## Task brief
Your task is to find every line of the listing that includes "casa" and copy it.

**** Records for the task ****

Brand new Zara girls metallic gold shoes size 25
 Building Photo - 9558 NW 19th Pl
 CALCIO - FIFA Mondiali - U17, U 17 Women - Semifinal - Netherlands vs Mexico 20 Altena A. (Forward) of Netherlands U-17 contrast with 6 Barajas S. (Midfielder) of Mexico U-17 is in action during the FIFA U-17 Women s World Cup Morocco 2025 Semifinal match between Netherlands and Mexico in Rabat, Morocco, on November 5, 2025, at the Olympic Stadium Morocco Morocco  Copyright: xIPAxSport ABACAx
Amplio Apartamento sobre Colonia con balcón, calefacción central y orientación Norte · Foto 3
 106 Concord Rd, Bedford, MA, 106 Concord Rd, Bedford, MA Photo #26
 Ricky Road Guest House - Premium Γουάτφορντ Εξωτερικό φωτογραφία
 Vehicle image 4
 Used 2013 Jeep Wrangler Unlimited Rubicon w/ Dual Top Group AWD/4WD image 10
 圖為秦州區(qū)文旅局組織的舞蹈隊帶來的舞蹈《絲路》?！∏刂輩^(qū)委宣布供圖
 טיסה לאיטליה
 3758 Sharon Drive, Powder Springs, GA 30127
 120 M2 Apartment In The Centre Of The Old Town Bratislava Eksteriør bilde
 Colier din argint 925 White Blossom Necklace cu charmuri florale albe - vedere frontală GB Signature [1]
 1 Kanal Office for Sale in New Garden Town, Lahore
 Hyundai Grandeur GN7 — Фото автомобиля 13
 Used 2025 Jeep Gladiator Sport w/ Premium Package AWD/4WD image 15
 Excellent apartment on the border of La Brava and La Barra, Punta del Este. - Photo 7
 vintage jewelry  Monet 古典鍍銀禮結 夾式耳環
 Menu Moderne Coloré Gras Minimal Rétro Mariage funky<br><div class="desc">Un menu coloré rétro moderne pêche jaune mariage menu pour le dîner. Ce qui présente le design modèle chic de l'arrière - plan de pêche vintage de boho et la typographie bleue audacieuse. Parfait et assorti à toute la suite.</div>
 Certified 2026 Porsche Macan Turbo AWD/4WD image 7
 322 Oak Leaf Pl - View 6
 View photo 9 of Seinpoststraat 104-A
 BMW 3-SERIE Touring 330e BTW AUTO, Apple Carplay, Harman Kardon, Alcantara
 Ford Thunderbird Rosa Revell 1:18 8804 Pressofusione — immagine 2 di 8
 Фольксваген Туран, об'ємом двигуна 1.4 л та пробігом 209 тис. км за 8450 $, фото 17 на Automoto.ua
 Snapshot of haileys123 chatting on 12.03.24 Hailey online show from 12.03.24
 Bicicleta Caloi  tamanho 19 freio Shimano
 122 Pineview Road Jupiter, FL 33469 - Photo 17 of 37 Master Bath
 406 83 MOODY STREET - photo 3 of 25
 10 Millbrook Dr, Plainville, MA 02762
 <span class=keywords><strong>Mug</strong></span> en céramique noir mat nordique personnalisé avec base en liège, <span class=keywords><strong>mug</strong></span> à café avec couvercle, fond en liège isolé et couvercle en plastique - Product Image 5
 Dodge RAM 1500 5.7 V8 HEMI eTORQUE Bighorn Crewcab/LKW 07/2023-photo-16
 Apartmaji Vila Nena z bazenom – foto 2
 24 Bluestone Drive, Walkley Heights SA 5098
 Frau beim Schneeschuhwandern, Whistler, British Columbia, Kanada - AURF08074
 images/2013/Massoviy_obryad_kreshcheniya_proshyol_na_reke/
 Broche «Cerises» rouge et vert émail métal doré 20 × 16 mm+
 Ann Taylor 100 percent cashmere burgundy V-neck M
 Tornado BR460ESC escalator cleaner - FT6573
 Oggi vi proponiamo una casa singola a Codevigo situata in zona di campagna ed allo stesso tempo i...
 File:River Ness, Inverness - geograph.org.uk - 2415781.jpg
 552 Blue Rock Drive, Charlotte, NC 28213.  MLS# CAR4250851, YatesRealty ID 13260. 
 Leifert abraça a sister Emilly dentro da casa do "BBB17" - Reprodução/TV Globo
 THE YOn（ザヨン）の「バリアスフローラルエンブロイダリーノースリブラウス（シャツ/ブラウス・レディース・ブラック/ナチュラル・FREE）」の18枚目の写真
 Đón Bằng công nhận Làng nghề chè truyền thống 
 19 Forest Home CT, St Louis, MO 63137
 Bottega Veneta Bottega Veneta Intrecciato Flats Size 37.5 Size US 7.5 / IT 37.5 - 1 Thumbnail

****

## Answer area
 Oggi vi proponiamo una casa singola a Codevigo situata in zona di campagna ed allo stesso tempo i...
 Leifert abraça a sister Emilly dentro da casa do "BBB17" - Reprodução/TV Globo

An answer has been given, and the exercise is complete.